Political Intrigue at Cliveden House

Cliveden House

What better way to make the most of some unusually warm March weather than with a picnic! Determined to spend the day out-of-doors, I packed up the thermos and a picnic and headed off down to the magnificent Cliveden House.

Commanding views out over the Thames Valley, Cliveden has seen many a scandal throughout its colourful history. The 2nd Duke of Buckingham was the first to build a house on the site. He commissioned architect William Winde to design a lavish four story house atop an elaborate terrace. Rumour has it that the house was built for his mistress, the Countess of Shrewsbury.
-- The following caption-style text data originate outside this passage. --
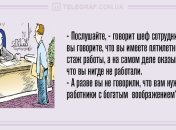 Время улыбаться: вечерние анекдоты 4 апреля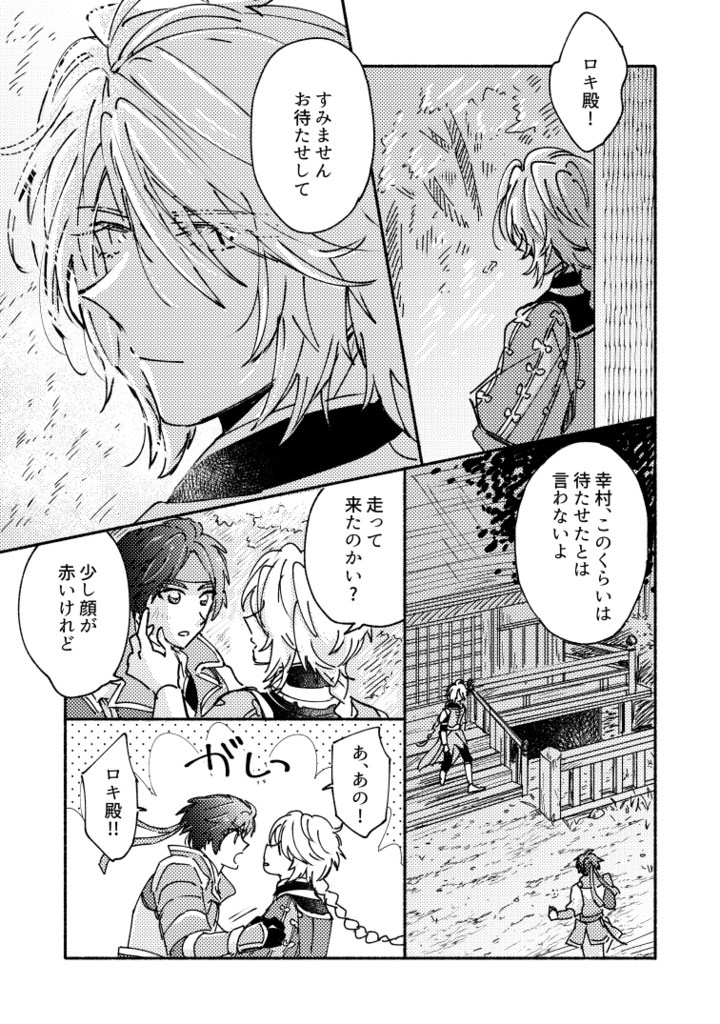 【ロキ幸】装え!冷静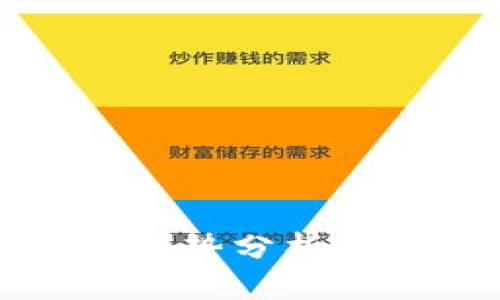 冷钱包的优势分析与使用指南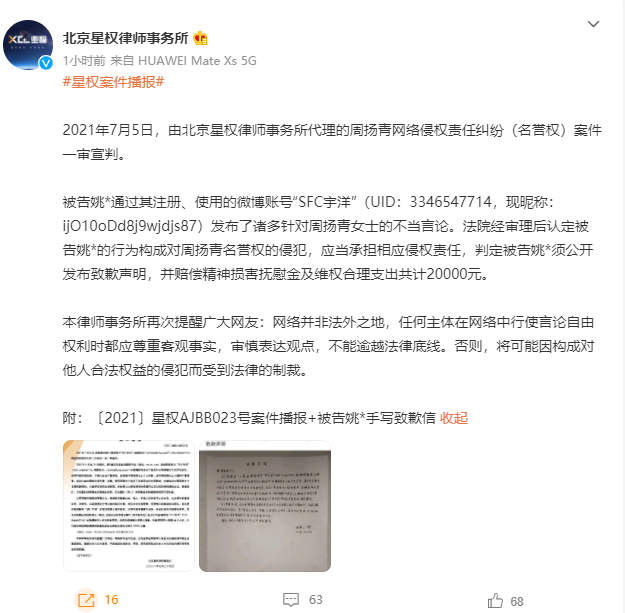 周扬青网络侵权责任纠纷案胜诉 获赔两万元整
When Lord Shrewsbury heard of the affair, he challenged Buckingham to a duel, in which  Shrewsbury sustained injuries that would later cause his death.

Following Buckingham’s death in 1687, the house then became home to an ever changing stream of England’s well connected and politically aligned. I felt suitably British as I enjoyed a cup of tea where, during the residence of Frederick, Prince of Wales, the patriotic song “Rule, Brittania!” held its public début.

The house we see today owes its magnificence to Sir Charles Barry, the architect made famous for designing Westminster Palace, now the site of UK Parliament. He was tasked by the Duke and Duchess of Sutherland to create an Italianate masterpiece above the only surviving feature of the original house: Winde’s arcaded terrace.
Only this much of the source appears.